Assume that we want to analyze
a categorical variable and see
the correlation among different categories.
For example, consider the car dataset.
The question we may ask is how different categories
the make feature as
a categorical variable has impact on the price?
The diagram shows the average price
of different vehicle makes.
We do see a trend of
increasing prices as we move right along the graph,
but which category in the Make Feature has the most and
which one has the least impact
on the car price prediction?
To analyze categorical variables
such as the make variable,
we can use a method such as the ANOVA method.
ANOVA is a statistical test that
stands for Analysis of Variance.
ANOVA can be used to find the correlation
between different groups of a categorical variable.
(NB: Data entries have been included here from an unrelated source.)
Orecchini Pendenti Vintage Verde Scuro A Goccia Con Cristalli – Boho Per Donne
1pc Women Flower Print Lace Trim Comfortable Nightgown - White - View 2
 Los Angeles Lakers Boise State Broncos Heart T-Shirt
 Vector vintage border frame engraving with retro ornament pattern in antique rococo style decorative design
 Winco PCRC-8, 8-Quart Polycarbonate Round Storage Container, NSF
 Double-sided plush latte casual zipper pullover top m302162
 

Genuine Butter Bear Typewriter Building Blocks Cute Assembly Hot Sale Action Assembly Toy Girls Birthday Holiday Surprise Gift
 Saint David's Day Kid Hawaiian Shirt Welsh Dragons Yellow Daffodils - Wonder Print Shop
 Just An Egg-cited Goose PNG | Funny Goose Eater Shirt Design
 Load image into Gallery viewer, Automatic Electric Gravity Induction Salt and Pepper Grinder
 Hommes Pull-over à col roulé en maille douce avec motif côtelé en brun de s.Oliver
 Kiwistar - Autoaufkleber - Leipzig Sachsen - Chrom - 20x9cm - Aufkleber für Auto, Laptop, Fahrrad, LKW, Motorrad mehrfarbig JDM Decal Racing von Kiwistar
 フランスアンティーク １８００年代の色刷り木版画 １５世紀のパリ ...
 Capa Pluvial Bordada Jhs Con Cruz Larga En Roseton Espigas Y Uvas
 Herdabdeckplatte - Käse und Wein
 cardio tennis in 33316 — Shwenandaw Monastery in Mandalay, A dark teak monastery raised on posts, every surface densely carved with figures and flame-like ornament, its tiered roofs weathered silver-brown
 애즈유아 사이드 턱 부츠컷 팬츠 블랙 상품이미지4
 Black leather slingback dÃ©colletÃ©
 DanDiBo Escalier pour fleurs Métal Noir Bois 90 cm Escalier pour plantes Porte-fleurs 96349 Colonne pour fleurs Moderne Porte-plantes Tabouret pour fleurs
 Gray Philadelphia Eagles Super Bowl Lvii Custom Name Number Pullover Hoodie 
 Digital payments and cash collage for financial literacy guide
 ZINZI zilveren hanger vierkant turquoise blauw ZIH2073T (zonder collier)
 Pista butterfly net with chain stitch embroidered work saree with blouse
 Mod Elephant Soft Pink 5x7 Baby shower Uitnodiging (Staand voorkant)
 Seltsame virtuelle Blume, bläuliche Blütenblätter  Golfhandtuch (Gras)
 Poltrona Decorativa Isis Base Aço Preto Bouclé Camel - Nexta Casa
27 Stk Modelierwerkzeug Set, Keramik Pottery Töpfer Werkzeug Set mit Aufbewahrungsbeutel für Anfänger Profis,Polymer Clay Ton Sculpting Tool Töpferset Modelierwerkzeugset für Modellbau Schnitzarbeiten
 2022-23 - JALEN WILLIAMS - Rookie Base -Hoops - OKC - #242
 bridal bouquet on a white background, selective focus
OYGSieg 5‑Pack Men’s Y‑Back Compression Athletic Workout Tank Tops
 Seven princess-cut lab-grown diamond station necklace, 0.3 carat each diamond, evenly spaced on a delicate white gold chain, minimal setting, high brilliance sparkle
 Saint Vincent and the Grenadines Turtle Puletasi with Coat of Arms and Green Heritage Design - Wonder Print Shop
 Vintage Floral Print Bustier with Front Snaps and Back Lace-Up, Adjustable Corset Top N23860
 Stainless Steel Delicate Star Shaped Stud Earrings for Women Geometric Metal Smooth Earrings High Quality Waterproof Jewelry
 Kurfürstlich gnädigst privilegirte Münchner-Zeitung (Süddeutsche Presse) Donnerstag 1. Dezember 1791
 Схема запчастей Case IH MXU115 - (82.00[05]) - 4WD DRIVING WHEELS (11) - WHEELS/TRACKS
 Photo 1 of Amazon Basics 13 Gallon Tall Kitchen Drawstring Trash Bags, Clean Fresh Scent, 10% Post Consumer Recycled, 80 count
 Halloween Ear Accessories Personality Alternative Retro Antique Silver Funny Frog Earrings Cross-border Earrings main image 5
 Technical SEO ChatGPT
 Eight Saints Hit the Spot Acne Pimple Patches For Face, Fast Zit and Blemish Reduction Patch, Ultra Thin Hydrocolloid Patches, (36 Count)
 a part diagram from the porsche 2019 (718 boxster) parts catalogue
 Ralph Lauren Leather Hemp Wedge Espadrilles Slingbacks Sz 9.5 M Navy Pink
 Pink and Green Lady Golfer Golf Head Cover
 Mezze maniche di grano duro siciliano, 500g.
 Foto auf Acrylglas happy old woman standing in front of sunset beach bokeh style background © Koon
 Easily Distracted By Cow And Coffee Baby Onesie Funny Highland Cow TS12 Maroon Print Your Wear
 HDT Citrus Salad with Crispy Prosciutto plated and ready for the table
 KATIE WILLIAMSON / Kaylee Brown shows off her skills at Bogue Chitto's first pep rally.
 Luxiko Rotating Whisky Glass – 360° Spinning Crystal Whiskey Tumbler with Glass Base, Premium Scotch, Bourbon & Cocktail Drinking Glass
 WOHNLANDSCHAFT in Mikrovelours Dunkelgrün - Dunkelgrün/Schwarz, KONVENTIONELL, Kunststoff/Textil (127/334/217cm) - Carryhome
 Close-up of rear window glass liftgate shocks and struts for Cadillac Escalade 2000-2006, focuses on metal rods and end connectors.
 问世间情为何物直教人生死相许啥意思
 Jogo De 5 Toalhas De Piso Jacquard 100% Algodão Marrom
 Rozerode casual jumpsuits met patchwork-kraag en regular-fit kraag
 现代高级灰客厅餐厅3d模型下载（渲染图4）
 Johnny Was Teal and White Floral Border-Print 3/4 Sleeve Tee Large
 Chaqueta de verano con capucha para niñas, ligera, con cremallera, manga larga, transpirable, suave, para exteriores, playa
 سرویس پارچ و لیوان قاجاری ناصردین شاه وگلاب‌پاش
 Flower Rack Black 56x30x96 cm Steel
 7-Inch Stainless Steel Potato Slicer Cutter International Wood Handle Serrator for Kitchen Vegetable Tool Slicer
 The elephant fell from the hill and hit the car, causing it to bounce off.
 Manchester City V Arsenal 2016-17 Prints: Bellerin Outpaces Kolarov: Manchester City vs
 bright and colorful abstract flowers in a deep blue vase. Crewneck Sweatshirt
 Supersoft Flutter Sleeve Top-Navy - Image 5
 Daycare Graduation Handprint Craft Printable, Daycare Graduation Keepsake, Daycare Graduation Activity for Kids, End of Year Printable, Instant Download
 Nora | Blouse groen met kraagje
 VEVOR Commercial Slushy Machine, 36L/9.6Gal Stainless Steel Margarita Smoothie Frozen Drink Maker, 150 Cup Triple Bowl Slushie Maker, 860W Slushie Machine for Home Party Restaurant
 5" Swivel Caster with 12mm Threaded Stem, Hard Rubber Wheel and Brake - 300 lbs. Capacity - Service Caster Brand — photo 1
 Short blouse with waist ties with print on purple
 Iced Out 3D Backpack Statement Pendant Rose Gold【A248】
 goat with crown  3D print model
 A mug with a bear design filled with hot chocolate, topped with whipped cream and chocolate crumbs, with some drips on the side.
According to the car dataset,
we can use ANOVA to see if there is any difference in
mean price for the different car
makes such a Subaru and Honda.
The ANOVA test returns two values,
the F-test score and the p-value.
The F-test calculates the ratio of variation between
the groups mean over
the variation within each of the sample groups.
The p-value shows whether
the obtained result is statistically significant.
Without going too deep into the details,
the F-test calculates the ratio
of variation between groups
means over the variation
within each of the sample group means.
This diagram illustrates a case where
the F-test score would be small because as we can see,
the variation of the prices in each group of data is
way larger than the differences
between the average values of each group.
Looking at this diagram,
assume that group one is Honda and group two is Subaru,
both are the Make Feature categories.
Since the F-score is small,
the correlation between price as
the target variable and the groupings is weak.
In the second diagram,
we see a case where the F-test score would be large.
The variation between the averages of the two groups is
comparable to the variations within the two groups.
Assume that group one is Jaguar and group two is Honda,
both are the Make Feature categories.
Since the F-score is large,
thus the correlation is strong in this case.
Getting back to our example,
the bar chart shows
the average price for different
categories, the Make Feature.
As we can see from the bar chart,
we expect a small F-score between Honda's and
Subaru because there is
a small difference between the average prices.
On the other hand,
we can expect a large F-value between Honda's and
Jaguars because the differences
between the prices is very significant.
However, from this chart,
we do not know the exact variances.
So let's perform an ANOVA test
to see if our intuition is correct.
In the first line, we extract the make and price data.
Then, we'll group the data by different makes.
The ANOVA test can be performed in Python using
the f_oneway method as
the built-in function of the SAI PI package.
We pass in the price data of
the two car make groups that we want to compare,
and it calculates the ANOVA results.
The results confirm what we guessed at first.
The prices between Hondas and
Subarus are not significantly different,
as the F-test score is less than one,
and p-value is larger than 0.05.
We can do the same for Honda and Jaguar.
The prices between Hondas and Jaguars are
significantly different since the F-score is very large.
F equals 401, and the p-value is larger than 0.05.
All in all, we can say that there's
a strong correlation between a categorical variable and
other variables if the ANOVA test gives us
a large F-test value and a small p-value.